Students host teach-in following Nobel Peace Prize ceremony
By Julia Train
Every December, 3,720 miles away, the Nobel Peace Prize ceremony takes place in Oslo, Norway.
Four students from the Student Nobel Peace Prize Project, a course offered through Rider’s global studies program attended the 2022 Nobel Peace Prize ceremony. On March 23, as a requirement for the class, they hosted a teach-in to talk about their experience.
The annual spring course, taught by Roberta Fiske-Rusciano, focuses on teaching students how the Nobel Peace Prize nomination process works through collaborating with students from Notre Dame University in Louaize, Lebanon, via Zoom.
Paola Carlesso, a junior global studies major and Sydney Tierney, a senior global studies major, took the class when it debuted in spring 2021 and nominated Alimenta de Solidaridad, a Venezuelan organization that addresses food insecurity.
“Peace is such a broad term and can be used in so many different ways. They address the root cause of what causes conflict, violence, political instability,” said Carlesso.
As a Venezuelan exchange student, she felt drawn to the organization.
The semester started the same way for both classes: the students brainstorming random names and organizations that they believed had a significant impact on world peace.
As the semester went on, the list was cut in half multiple times until they reached their final verdict, ensuring throughout they were using reliable, non-opinionated sites to make their decision on who to eliminate.
When their choice was final, the students worked together to write the letter, and the professor sent it since she was the one with the ability to nominate.
“The Nobel Prize for physics and literature are a little more concrete to determine if you can be a suitable candidate for those, but peace is so broad,” said Anjali Chennapragada, a senior health care policy major. “Controversy [of the candidate] was also a big piece of it. It was up to us to decide if that [controversy] was severe enough that it outweighs the benefit that they had.”
Carlesso and Tierney’s class was invited to the 2021 Nobel week in Oslo, however, due to health protocols announced close to the ceremony, they couldn’t attend.
Instead, they joined two peers from the spring 2022 class for the awards in December.
Chennapragada and Ranai Morgan, a junior political science major, nominated Omar Alshogre for the 2023 prize.
Alshogre is a Syrian public speaker, human rights activist and the director for detainee affairs at the Syrian Emergency Task Force.
The four spent six days in Norway accompanied by Fiske-Rusciano and Frank Rusciano, director of the global studies program.
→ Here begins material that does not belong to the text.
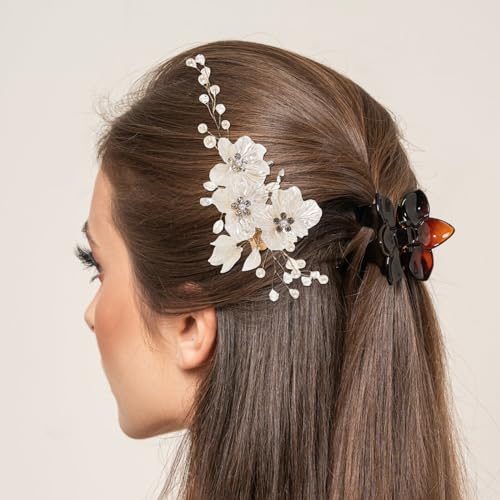 Tocado para boda con perlas para peinado de dama de honor y niñas 7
Not only did they see the awards, but they also attended the Nobel Peace Prize Forum the next day at the University Aula, in Oslo.
The keynote speaker was Filippo Grandi, a previous Nobel Peace Prize laureate and United Nations High Commissioner for Refugees.
Former Secretary of State Hillary Clinton also attended and was interviewed during the forum.
After about a week, the four headed back home. They took their finals and wrote their final papers on the plane ride back.
“[The class] gave me the opportunity to connect on a global level with another school. Working with the students in Lebanon was very enriching and it expanded our global perspective by being able to connect” said Tierney.